Understandably, AZ only agreed to make best efforts to meet the EU’s delivery schedule (specified in quarters, not years), because it would not have been commercially prudent to contractually bind itself to these delivery targets for a new product.
Benjamin Haberkorn, partner at Eversheds Sutherland in Brussels, comments that the Commission must prove AZ failed to meet “normal standards of professional diligence”. One wonders whether a Belgium court would follow “normal standards of professional diligence” during unprecedented times, and where the contract explicitly considers the “serious public health issues, restrictions on personal freedoms and economic impact, across the world”.
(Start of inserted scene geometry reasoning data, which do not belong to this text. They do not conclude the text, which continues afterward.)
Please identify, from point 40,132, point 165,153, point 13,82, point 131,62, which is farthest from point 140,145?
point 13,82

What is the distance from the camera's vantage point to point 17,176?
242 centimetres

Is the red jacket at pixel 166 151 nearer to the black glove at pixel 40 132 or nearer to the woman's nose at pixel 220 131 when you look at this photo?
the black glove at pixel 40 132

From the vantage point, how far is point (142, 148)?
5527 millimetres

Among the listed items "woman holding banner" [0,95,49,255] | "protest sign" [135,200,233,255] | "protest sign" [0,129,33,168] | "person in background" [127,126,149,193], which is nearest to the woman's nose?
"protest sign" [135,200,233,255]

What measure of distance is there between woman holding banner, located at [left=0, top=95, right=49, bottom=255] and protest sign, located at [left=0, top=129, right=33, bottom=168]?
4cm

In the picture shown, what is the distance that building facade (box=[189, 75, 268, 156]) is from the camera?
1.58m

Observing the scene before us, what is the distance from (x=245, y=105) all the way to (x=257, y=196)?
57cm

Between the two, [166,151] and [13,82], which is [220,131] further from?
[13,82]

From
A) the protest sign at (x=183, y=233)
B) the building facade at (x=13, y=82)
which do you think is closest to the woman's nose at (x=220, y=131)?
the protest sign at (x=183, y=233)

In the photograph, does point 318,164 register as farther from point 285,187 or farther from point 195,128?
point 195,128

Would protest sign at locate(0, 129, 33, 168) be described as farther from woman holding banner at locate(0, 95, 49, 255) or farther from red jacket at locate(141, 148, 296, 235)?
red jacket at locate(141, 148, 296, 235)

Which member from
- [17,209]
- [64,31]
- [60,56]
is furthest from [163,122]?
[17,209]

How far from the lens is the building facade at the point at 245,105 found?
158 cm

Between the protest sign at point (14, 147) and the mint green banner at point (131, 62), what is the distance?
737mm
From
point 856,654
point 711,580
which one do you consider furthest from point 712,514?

Others have advanced the view that AZ cannot rely on a ‘first come, first served’ mentality simply because it signed its contract with the UK earlier. Conversely, there is an argument to be made that because the EU signed its contract much later, and negotiated a lower price, AZ and pharmaceutical companies don’t have an incentive to speed up production. Therefore, the EU should pay a premium for any doses delivered early, taking into account the additional costs incurred for increased production flow.
Most commentators and lawyers agree that it is more likely that this dispute will be settled by arbitration because any court case would be far too drawn-out to address the immediate jab shortfall the EU faces.
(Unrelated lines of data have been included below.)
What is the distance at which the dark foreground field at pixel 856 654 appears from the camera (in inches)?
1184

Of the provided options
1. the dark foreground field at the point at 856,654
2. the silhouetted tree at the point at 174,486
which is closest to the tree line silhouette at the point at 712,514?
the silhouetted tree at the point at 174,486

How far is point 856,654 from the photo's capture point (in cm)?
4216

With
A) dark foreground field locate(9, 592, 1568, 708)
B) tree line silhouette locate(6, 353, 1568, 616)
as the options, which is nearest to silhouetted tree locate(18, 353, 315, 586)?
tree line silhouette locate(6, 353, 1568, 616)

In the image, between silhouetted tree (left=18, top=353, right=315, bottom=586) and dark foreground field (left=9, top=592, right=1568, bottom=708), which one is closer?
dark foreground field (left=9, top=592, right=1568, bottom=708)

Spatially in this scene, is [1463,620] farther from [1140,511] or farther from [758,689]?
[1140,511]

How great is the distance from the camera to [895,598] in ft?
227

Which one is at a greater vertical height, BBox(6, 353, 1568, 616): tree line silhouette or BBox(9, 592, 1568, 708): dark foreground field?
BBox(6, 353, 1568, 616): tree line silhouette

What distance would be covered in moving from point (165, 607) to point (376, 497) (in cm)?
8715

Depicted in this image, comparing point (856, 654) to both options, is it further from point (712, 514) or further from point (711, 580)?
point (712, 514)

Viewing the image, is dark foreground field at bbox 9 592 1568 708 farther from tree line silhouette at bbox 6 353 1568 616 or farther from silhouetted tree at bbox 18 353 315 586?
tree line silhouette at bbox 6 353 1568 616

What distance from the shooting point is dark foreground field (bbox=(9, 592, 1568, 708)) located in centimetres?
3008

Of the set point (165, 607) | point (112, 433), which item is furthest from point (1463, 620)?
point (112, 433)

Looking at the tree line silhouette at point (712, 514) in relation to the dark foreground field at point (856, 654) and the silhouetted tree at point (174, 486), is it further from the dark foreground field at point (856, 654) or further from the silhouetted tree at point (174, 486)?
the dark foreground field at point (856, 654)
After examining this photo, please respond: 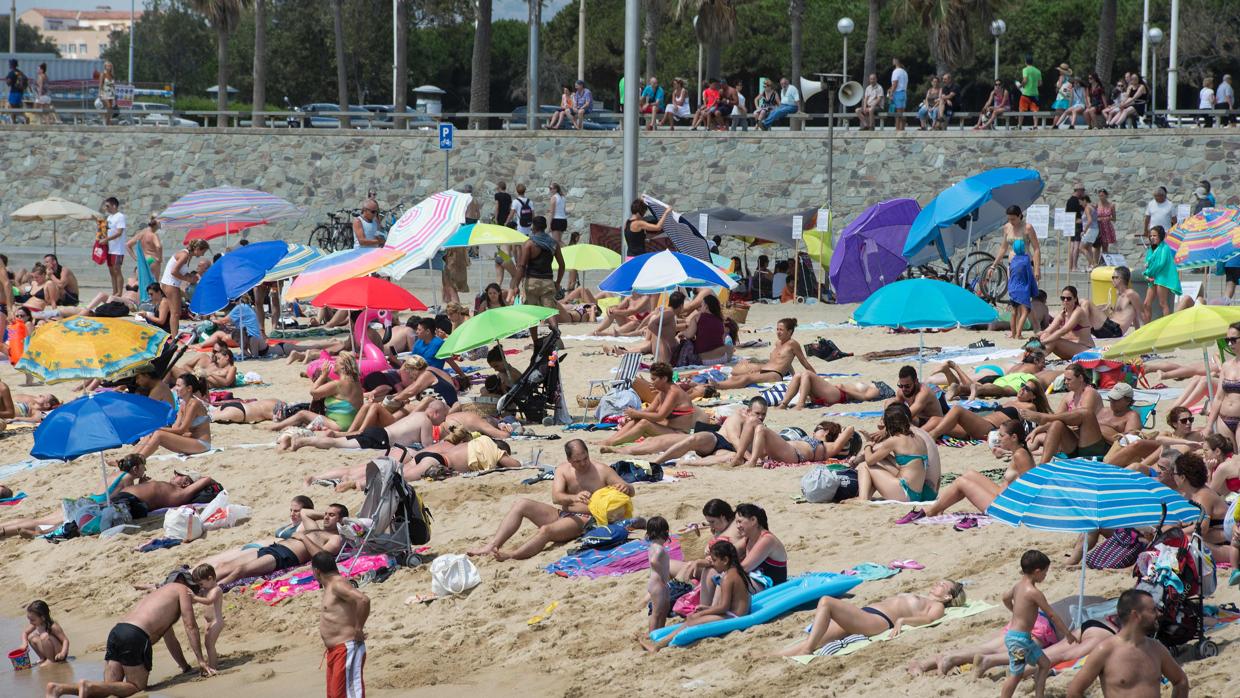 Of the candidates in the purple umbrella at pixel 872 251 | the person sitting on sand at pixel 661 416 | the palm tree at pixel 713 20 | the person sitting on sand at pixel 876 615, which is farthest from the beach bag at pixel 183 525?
the palm tree at pixel 713 20

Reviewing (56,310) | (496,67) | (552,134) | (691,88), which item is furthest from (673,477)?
(496,67)

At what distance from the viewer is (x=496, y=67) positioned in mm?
56250

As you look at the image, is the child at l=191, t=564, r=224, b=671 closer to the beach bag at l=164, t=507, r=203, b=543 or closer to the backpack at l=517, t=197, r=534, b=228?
the beach bag at l=164, t=507, r=203, b=543

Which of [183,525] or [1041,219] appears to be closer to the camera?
[183,525]

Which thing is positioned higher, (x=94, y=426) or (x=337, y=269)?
(x=337, y=269)

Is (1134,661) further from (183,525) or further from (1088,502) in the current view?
(183,525)

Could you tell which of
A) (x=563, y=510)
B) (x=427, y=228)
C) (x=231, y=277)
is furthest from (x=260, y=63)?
(x=563, y=510)

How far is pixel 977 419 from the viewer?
40.9ft

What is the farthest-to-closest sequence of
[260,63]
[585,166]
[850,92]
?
1. [260,63]
2. [585,166]
3. [850,92]

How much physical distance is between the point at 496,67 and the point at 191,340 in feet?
130

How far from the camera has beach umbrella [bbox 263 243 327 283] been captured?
56.0ft

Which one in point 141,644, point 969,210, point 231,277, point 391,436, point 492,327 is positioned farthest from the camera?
point 969,210

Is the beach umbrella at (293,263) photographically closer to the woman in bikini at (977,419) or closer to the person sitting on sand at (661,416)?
the person sitting on sand at (661,416)

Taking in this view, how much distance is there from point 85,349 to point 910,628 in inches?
289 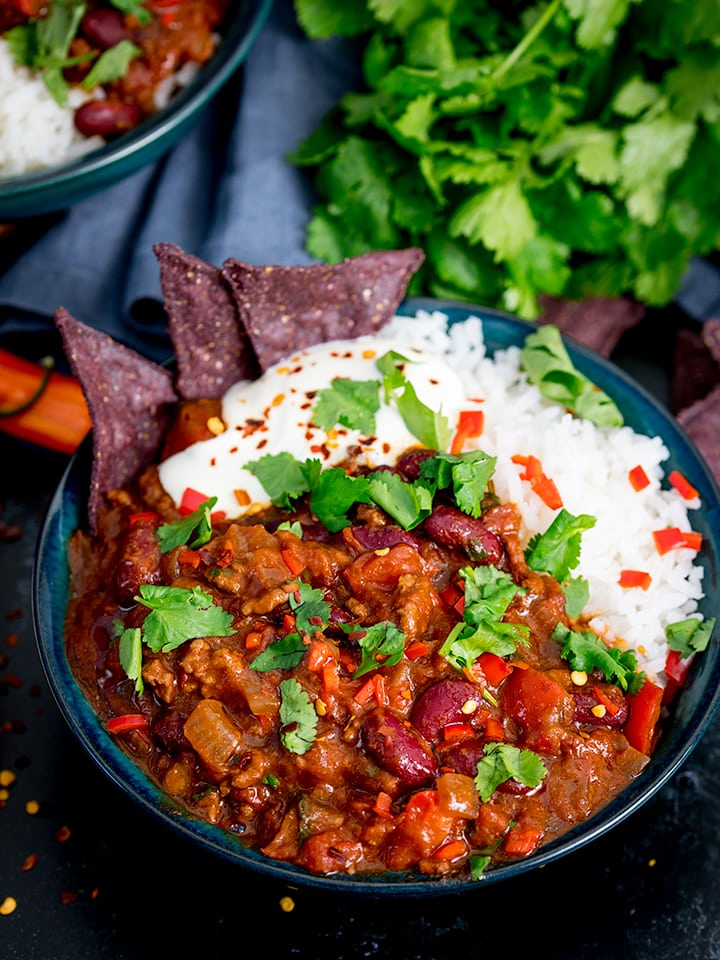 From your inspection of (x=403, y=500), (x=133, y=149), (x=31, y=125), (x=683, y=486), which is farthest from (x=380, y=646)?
(x=31, y=125)

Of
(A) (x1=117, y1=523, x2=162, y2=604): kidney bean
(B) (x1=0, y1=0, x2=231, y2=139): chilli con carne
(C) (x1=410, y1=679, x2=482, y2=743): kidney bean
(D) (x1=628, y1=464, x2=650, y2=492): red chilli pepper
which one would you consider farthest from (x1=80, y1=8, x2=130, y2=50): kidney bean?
(C) (x1=410, y1=679, x2=482, y2=743): kidney bean

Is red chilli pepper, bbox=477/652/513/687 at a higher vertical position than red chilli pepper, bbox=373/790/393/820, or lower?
higher

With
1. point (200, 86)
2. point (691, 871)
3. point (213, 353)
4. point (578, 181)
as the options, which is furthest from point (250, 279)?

Concerning the UK and Northern Ireland, the EU had initially had proposed to trigger an emergency clause in the Brexit withdrawal treaty that would have created border restrictions between the Republic of Ireland and Northern Ireland. Soon after publication, the EU faced backlash, prompting it to retract its unilateral proposal and engage in diplomacy.
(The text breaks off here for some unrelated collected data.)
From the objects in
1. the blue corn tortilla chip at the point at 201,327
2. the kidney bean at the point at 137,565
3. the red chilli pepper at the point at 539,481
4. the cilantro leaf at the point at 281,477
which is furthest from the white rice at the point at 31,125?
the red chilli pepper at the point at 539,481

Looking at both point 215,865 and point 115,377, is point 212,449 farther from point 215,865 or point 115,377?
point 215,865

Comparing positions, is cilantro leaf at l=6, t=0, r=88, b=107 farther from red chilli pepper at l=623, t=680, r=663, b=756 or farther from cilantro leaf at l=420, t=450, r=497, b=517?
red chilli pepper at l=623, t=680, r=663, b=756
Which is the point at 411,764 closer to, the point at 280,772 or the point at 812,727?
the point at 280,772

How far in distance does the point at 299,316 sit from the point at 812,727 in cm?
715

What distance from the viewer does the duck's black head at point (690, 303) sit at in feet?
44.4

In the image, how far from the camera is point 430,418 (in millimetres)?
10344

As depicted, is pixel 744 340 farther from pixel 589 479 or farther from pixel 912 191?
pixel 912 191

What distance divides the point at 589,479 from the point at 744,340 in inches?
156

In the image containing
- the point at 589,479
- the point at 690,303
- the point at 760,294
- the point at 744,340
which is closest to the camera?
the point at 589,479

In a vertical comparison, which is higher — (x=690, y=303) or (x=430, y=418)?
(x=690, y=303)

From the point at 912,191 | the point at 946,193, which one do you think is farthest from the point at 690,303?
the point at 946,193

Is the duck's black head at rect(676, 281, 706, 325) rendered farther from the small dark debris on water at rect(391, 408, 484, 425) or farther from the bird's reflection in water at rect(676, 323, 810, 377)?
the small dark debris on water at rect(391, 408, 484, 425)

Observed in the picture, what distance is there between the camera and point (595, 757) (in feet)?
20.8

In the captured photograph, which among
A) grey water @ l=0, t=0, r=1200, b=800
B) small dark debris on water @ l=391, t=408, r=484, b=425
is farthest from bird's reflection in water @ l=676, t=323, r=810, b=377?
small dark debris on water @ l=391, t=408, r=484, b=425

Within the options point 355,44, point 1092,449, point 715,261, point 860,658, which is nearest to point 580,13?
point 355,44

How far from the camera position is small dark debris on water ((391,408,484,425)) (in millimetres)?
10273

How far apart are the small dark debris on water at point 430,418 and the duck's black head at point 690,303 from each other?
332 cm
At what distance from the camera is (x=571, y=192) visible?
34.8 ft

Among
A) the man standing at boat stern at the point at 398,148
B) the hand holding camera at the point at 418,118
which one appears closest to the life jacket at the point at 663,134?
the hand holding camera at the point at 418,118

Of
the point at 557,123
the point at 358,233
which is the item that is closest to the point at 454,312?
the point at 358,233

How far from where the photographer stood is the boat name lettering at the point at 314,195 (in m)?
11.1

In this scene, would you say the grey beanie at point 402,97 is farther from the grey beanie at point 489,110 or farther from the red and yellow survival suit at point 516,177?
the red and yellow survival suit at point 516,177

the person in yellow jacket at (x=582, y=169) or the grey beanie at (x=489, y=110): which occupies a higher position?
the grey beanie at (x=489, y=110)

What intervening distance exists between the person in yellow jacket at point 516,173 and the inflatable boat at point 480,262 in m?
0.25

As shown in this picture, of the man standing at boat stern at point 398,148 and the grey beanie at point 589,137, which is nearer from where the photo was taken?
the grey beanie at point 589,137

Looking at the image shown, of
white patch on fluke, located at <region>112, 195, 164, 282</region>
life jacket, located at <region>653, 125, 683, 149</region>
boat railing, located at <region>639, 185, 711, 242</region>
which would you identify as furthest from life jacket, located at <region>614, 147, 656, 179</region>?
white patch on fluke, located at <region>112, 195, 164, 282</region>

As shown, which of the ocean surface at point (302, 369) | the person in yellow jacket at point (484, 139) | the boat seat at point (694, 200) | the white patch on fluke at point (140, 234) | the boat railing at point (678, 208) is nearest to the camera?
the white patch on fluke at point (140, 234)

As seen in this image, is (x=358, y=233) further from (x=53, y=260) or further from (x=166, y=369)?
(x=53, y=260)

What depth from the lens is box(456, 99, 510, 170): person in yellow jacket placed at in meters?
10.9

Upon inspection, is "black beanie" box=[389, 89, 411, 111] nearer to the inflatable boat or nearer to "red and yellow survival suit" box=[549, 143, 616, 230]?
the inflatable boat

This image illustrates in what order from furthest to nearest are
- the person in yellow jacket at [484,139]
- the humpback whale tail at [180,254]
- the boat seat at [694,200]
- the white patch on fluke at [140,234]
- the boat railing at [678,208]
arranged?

On a global scale, the EU has organised new controls that would mandate pharmaceutical companies to reveal the details of exports. Manufacturers must provide early notification and obtain authorisation from the Commission before shipping Covid-19 vaccines outside the EU.
The EU also created a closed list of over 100 countries that will be exempt from these tighter export rules, claiming that these countries were ‘carved-out’ because they did not have their own production facilities, or had some degree of integration into the single market.
The International Chamber of Commerce, which represents over 45 million businesses worldwide argued that this limit could “rapidly erode essential supply chains”. From the outset of the pandemic, there was a rapid proliferation of trade barriers on personal protective equipment, negatively impacting the already harsh crises facing several national health systems. As a result, the EU’s measures would likely result in a devastating impact on global vaccine supplies. Indeed, some countries have criticised the EU for stimulating a vaccine war.
Mr Valdis Dombrovskis, EU trade commissioner, states that the instrument is intended to ensure “transparency and proportionality” and to make sure countries obtained the vaccines.
A major concern is that the new measures would empower the Commission and Member States to block vaccine shipments from manufacturers from which the EU has ordered supplies until it has satisfied demand within the bloc. The Commission has secured advance orders for up to 2.3 billion vaccine doses for the EU’s 446 million population. Ms von der Leyen conveyed that the bloc will share the vaccines it does not need for its own inhabitants, so it is likely that these inoculations would (and should) first go to countries that do not have enough for themselves. A potential knock-on effect of the measure is that governments may become more nationalistic over vaccines, which is something nobody would want.